Te acompaño en el sentimiento

19 de Enero de este 2017, sobre las diez de la mañana murió Ofelia, mi madre. Ante ese hecho me abracé a mi hermana en la soleada habitación y ambos percibimos lo que emanaba el otro, simplemente paz.

Hacía cinco años que nuestra madre vivía en el convento, los dos primeros con una autonomía limitada que aún nos permitía salir al cine, a comer o a cenar cuando se terciaba. Los tres últimos teñidos ya de grises realidades inherentes a la vejez. La dependencia se fue manifestando paso a paso de forma implacable. Del caminador pasamos a la silla de ruedas, instalamos asideros, grúas, barreras en la cama y un largo etcétera en el intento de hacerle la vida lo más cómoda posible.

Al final su vida se alimentaba de un mundo interior que contenía la fe como el más preciado de los tesoros. Rezaba mucho, muchísimo, y con todo jamás entró en la rutina banalizadora. Rezaba y se emocionaba, sabía lo que decía en cada oración, así fuera el Ángelus, la bendición de la mesa, la santa misa diaria, o el largo y prolongado momento oracional al acostarse.

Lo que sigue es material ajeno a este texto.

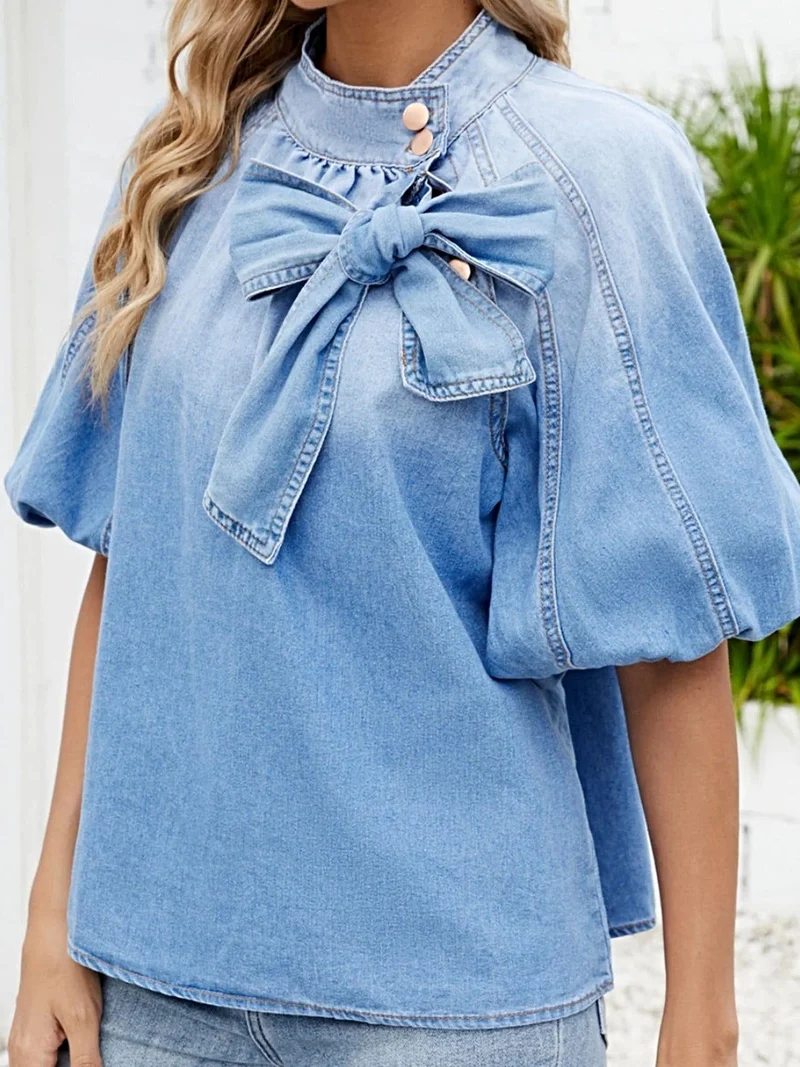 Stijlvol denim overhemd met strik en pofmouwen - elegante damestop van een rayonmix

Pocas semanas antes se había confesado por última vez, no era nada extraño en ella, lo hacía siempre profundamente conmovida. Al acostarla, antes de iniciar su diálogo con Dios me pedía confesión y absolución. ¿Cuántas veces lo hizo? Numerosas, y en cada una de ellas nos emocionábamos ambos. Ella veía al hijo y al sacerdote, yo a la madre y a la penitente. ¡Qué difícil Dios mío! Sin cargos graves desgranaba su vida, regresaban recuerdos de juventud, de niñez o de la edad adulta. Jamás hubo reproche a nadie, eran confesiones en las que el alma se abría a Dios confiadamente. La absolución le provocaba siempre una sonrisa en los labios y lágrimas en los ojos. A partir de ahí iniciaba sus rezos encomendándose al Señor, a la Virgen María y a los santos de su devoción. Al rato ya se escuchaba su respiración tranquila, su sueño profundo que fue la tónica de una etapa serena y en paz.

Con su muerte se cerró en nosotros un periodo en el que la conciencia repasa, y con orgullo percibe que las cosas se han hecho bien.

Hace pocos días me llamó y participó sus condolencias M’Barek Aitabi, lo menciono a él porque aunque hace años que no nos vemos seguimos manteniendo la amistad como un bien muy preciado. Dijo envidiarme, “Que suerte has tenido pudiéndola cuidar, Xisco”. Me emocionó profundamente porque sé que tiene razón. Mi familia y yo hemos sido muy afortunados al poder cumplir el cuarto mandamiento de la Ley de Dios. Hemos amado y nos hemos sentido amados por un cariño que percibimos como el anticipo de la vida eterna.

Pienso en emigrantes que no pueden ver envejecer a sus padres, en trabajadores que no pueden permitirse mecer cunas ni rezar al lado del anciano porque sus contratos no se lo permiten, condiciones laborales inhumanas que descartan al débil y miden a la persona por el rendimiento que pueda dar, sin importar nada el sufrimiento o la ilusión, el dolor o la alegría del empleado. Sí M’Barek, nosotros hemos sido muy afortunados.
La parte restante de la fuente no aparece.